Acceleration of Nano-Sized NbC Precipitation and Improvement of Creep Resistance in Alumina-Forming Austenitic Stainless Steel via Cold Working

A feasibility study on microstructure design has been carried out to improve creep rupture life in alumina-forming austenitic (AFA) Fe-14Cr-20Ni-2.3A1 stainless steel with and without 2 wt% W addition. After creep tests under 780 degrees C/80 MPa conditions, it was observed that internal cracks initiated primarily from grain boundaries in the W-free steel while voids nucleating at primary coarse NbC carbides elongated into fractures in the W-added steel. This result indicates that the W addition shifts the fracture mode from intergranular to transgranular. Based on this observation, the fine intragranular NbC carbides, which need to precipitate as much as possible during the initial stage of creep, can be a promising metallurgical factor for enhancing the creep resistance of both the AFA steels.
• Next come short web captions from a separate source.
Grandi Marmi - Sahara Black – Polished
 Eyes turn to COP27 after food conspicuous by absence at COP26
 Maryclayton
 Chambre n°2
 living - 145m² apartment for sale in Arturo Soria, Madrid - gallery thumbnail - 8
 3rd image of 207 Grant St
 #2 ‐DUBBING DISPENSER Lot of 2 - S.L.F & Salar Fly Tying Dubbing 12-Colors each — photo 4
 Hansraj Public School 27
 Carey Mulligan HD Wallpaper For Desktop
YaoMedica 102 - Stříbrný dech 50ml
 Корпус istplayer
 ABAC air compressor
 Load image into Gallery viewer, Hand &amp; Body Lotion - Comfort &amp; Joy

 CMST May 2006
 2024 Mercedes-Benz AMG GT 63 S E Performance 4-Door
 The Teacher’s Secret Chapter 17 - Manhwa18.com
Cold work at 5% strain prior to creep accelerated the heterogeneous precipitation of nano-sized intragranular NbC during the early stage of creep, which was responsible for the strong hardening effect by pinning the dislocations. The creep life was found to be 3 times longer as compared to the unpre-strained AFA steels. Applying 5% cold work induces the generation of dislocations in the matrix, which can lead to the nucleation of nano-scale NbC without recrystallization. The intragranular NbC carbide showed excellent resistance to coarsening during creep: their size was as small as around 30 nm after creep rupture.